Another one of the alternative health supplements offered is fish oil. Harvested from fatty fish, this oil contains substances known as omega-3 essential fatty acids. Containing the fatty acids DHA and EPA, fish oil has been linked to memory improvement and general brain health, considering DHA is a substance that needs to maintain its presence in the brain. Also, the American Heart Association recommends that you take fish oils to help maintain heart health. It can help to decrease your risks of heart disease or cardiac arrest!
Where supplements make sense
Here’s where supplements can come in handy, according to guidelines from national health organizations. Before you add any supplements to your diet, however, meet with a health care provider who can determine what is best for you based on your individual health history and lifestyle habits.
Vegans: Vegans of any age are at risk of vitamin B12 deficiency because vitamin B12 is not produced by plants.

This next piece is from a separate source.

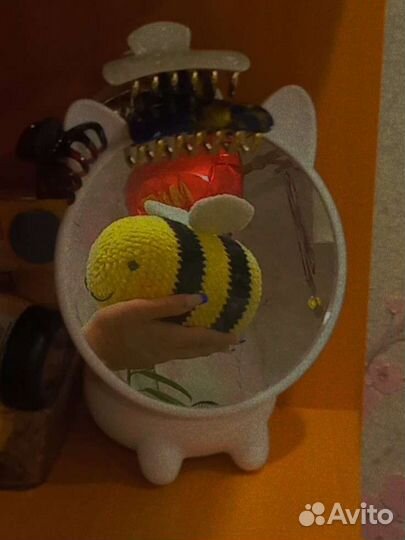 Плюшевый шмель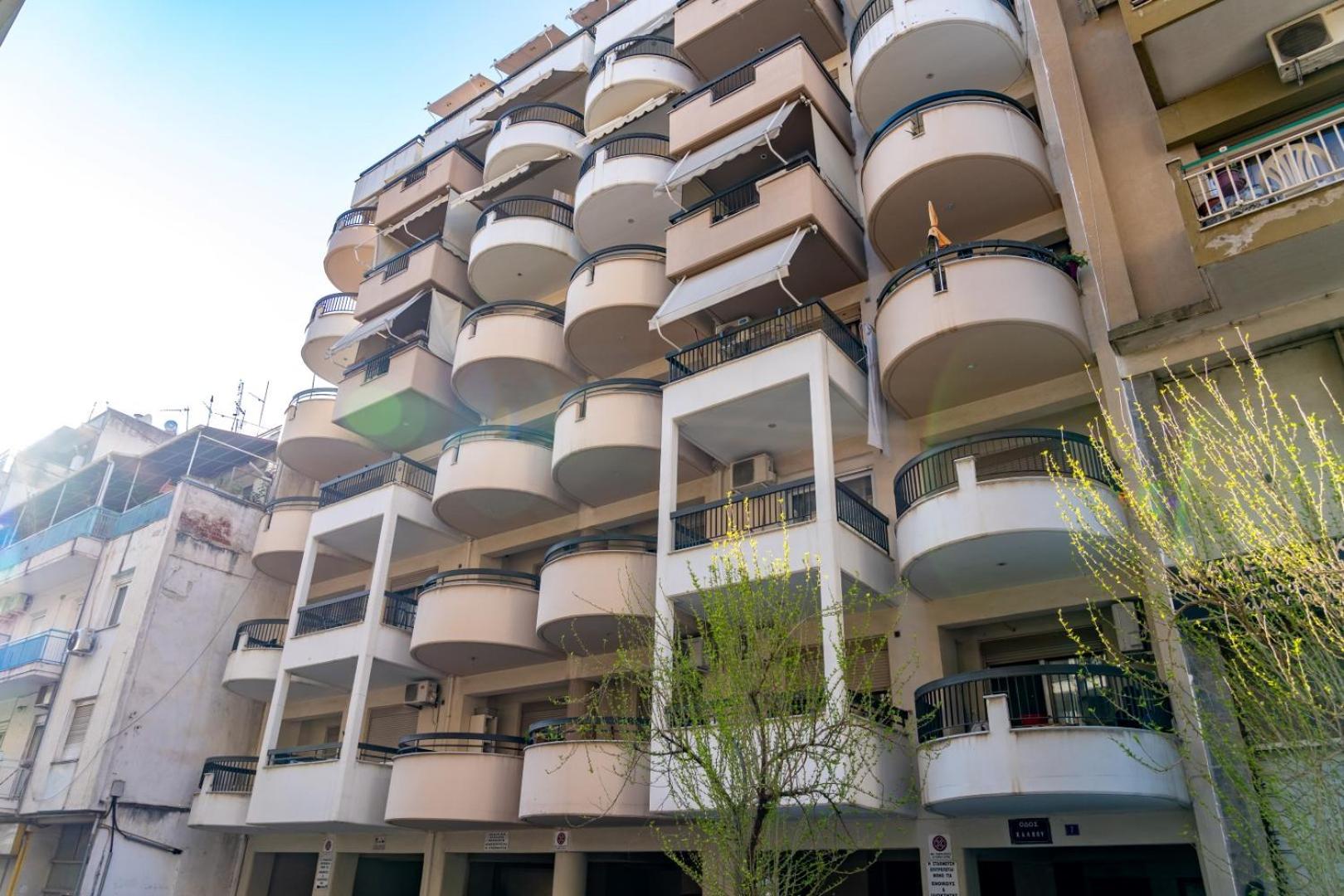 Kosmos Sercvice Apartment Beautiful Studio 2 With Additional Cost Parking Tesalónica Exterior foto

If you are a vegetarian, especially a vegan, you should ingest a reliable vitamin B12 source, such as fortified foods or supplements.
Pregnant women: During pregnancy it’s important to get an adequate amount of folic acid, which helps prevent birth defects, as well as iron, calcium, vitamin D, choline, omega-3 fatty acids, B vitamins and vitamin C.
Postmenopausal women: If you are postmenopausal or at risk for osteoporosis and you avoid dairy and other food sources of calcium like almonds, tofu or canned salmon with bones, consider a calcium and vitamin D supplement, to help keep bones strong and reduce bone loss.
Supplement savvy: What to look out for:
Because supplements are regulated as food and not drugs, they don’t have to prove that they are safe or even that they work before they are sold in stores. Be a savvy consumer by following this guidance: Avoid mega doses, and look for 100% of the Daily Value for vitamins and minerals.
Look for certifications from a third party regulator. The USP logo “is a pretty good indication of a company who is trying to produce a high-quality product,” Hopp said.
Instead of taking a supplement because you think it can prevent a disease, talk to a registered dietitian nutritionist about what can.